Powiedziała Pani, że dzisiaj żyje miłością zmarłych przyjaciół.
W tamtym czasie zmarł Milan Mladenović z EKV, Ivica Vdović, perkusista Šarlo akrobata zmarł trochę wcześniej i wiedział, że umrze, bo zrobił coś, czego się nie śmie robić – mieszał szybkie narkotyki ze spowalniającymi [w rzeczywistości Ivica był jedną z pierwszych w Serbii ofiar AIDS]. Margita Stefanović z EKV, kobieta, która skończyła architekturę i akademię muzyczną umarła w centrum dla uchodźców [ostatnie lata życia spędziła w przytułku dla bezdomnych, umarła w szpitalu zakaźnym]. Miomir Griuć Fleka, który założył „piwnicę” belgradzkiej akademii sztuk pięknych [mowa o nieistniejącym już Klubie Akademija], którą pod koniec lat 80. zaliczono do 200 najbardziej znaczących europejskich miejsc kultury, oślepł i umarł w ogromnej biedzie, a Pavle Vujisić zmarł pod sawskim mostem [?]. Nie chcę powiedzieć, że to byli nieskazitelni ludzie, ale historia sztuki jest historią psychodelicznych filarów. W moim filmie Šarlo te gleda [Šarlo patrzy na ciebie] pokazuję, jak przepadła nowa fala i jak umierali moi bracia z młodości.
Nazizm w modzie
Powiedziała Pani o sobie, że jest zupełną dekadentką. Czy dzisiaj największą awangardą nie jest działać w systemie, którego nie ma, niż być poza nim?
Od zawsze moim pragnieniem było przywrócić akademicką normę rozproszonemu środowisku. Kiedy w 1998 roku reżyserowałam Godota, z którego później zrobiłam film multimedialny, pracowałam z młodymi ludźmi i nauczyłam ich wszystkiego, co sama potrafiłam. Tancerki uczyłam ruchu scenicznego i nocami siedziałam przed komputerem z dzieciakami, które lepiły muzykę do zarejestrowanej gry aktorskiej. Zrealizowaliśmy całkowicie czyste przedstawienie w bezrozumnym państwie, które nie potrafi sformułować hollywoodzkich standardów, a cóż dopiero Becketta. Jestem życiową dekadentką, ponieważ rzeczywistość i ja nie posiadamy punktów stycznych. Dzisiaj w modzie jest nazizm, co znaczy, że musisz być roześmiany, zdrowy, obuty i napompowany silikonem, podczas gdy ja każdy kawałek chleba dzielę na 4 części.
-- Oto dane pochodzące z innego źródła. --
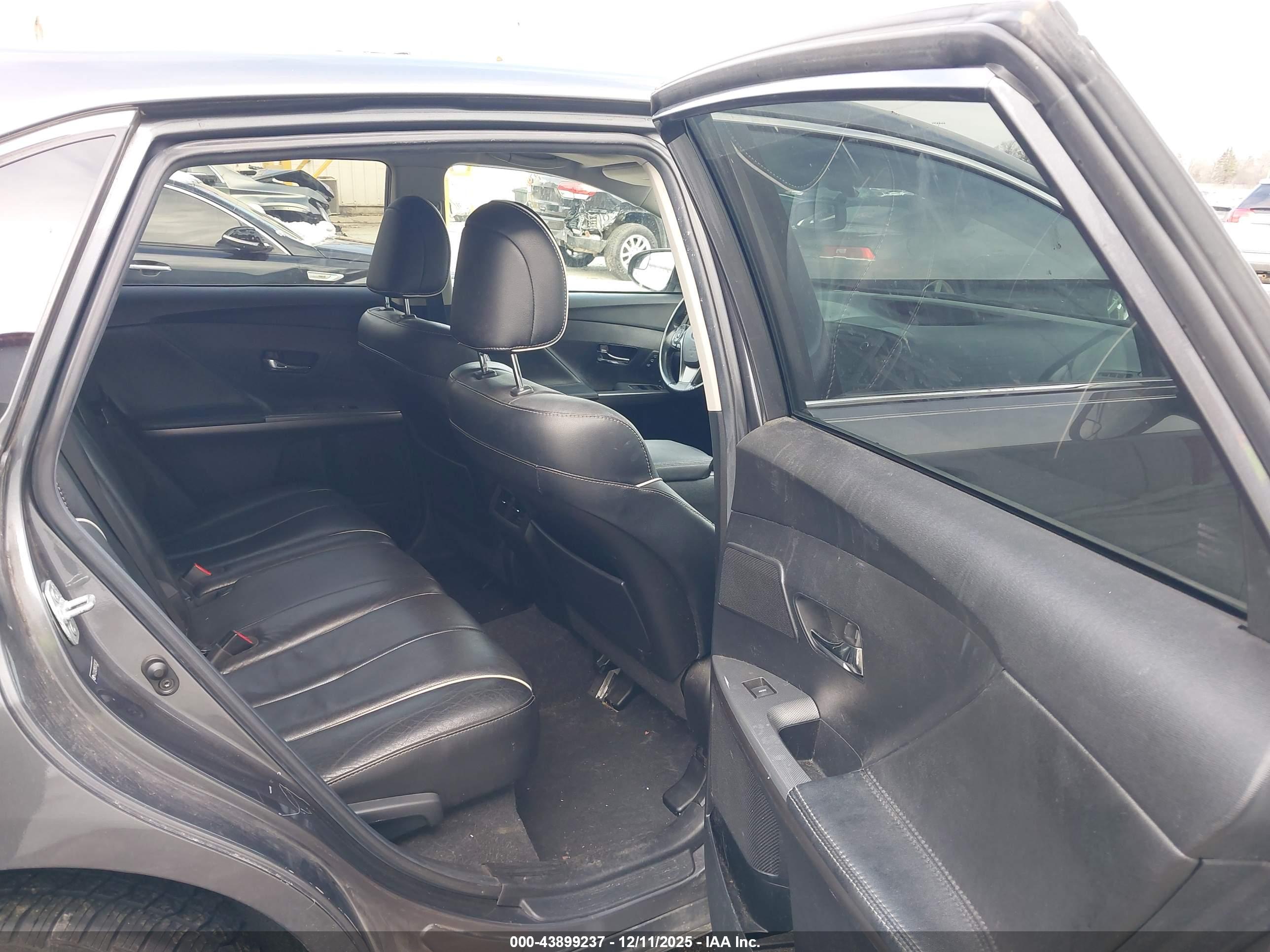 TOYOTA VENZA image 8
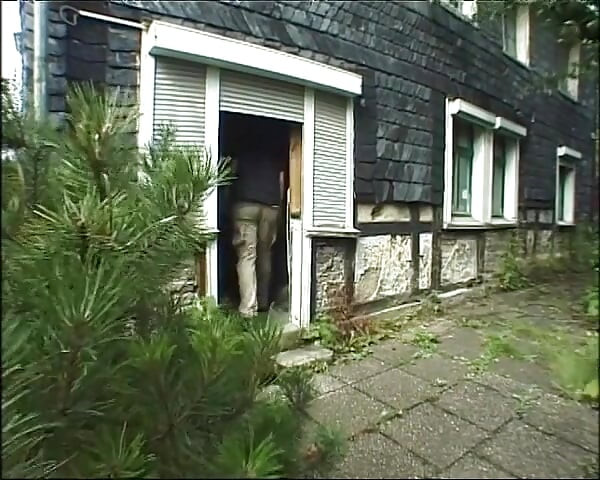 Κυριαρχία πάνω στην μελαχρινή και τις ξανθιές σκύλες με τα μεγάλα κωλιά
Czy powtórzyłaby Pani raz jeszcze swoje życiowe i artystyczne doświadczenie?
Tak. Dzisiaj żyję w zamkniętej strefie Interpolu [Interpol zajmował się wówczas na Bałkanach wyszukiwaniem zbrodniarzy wojennych], w estetycznym, duchowym i życiowym sensie jestem sama. Autentyczność osobistego spotkania z ludźmi, ich muzyką, filmami i książkami to mój najintymniejszy ołtarz i moja mnisia cywilizacja. Dlatego mówię o Indošu, Zlatku Buriciu Kici, Rundku, Ivici Vidoviciu… Spotkanie z tymi ludźmi uważam za najwyższą jakość mojego życia. Całe pokolenie tych, którzy podążali za takimi nauczycielami skończyło pod Vukovarem z bombą pod brzuchem. To było samobójstwo jednej młodości.